Guaranteeing Permanence and Support: CPs must lead to permanent solutions with full access to legal status and social support systems, ensuring refugees are not left in situations of precarity or legal limbo.

5.    Route-Based Approaches

Providing Safe Alternatives to Smuggling: Using resettlement and CPs, in line with the Route-based approach (RteBA), as concrete and accessible alternatives to dangerous journeys and reliance on smugglers, particularly for those transiting through high-risk regions such as North Africa, Southeast Asia, and South and Central America.

6.    Meaningful Shared Leadership and Participation Amidst Capacity Shrinkage 

The 2026 CRCP has moved to a “renewed shape” with only 70 selected participants, significantly limiting the space for diverse voices.

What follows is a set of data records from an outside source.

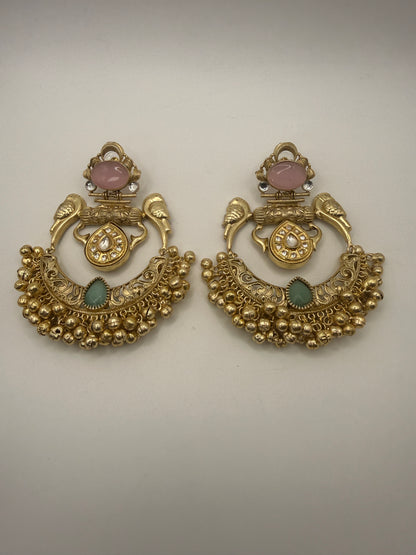 Indian Earrings Australia | Brass Handmade Chandbali Earrings with Ghungroo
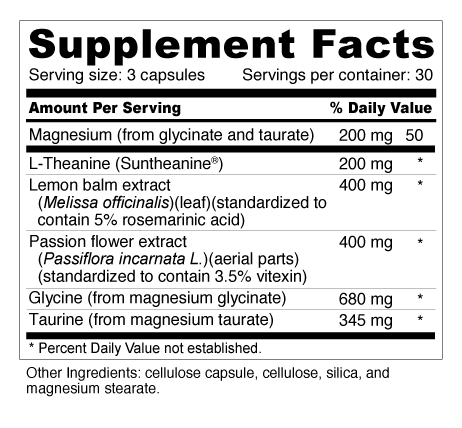 Calm supplement facts & Ingredients. Serving Size: 3 Capsules. Servings Per Container: 33 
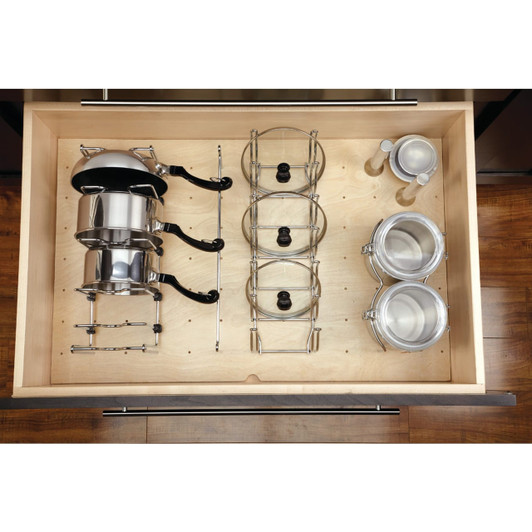 5DCH-2-1-CR Drawer Canister Holder Chrome W/ 2 Canisters For Drawer Org-Steel-Chrome | Kunal Kitchens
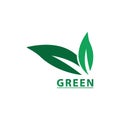 Eco friendly logo design, gree leaf vector design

The leadership role of NGOs has been weakened.

Ensuring NGO-led Representation: Enable the NGO community once again to have control over its representation in CRCP.

Countering Tokenism: Despite the reduced scale, refugees with lived experience must be well-represented and not be just observers but “fully integrated” into the in-person roundtable discussions.

Equitable Representation: Selection of the 70 participants must prioritize voices from the most neglected crises and marginalized groups, including LGBTQI+ individuals and racial minorities, to ensure the “smaller scale” does not lead to a “homogenized” perspective.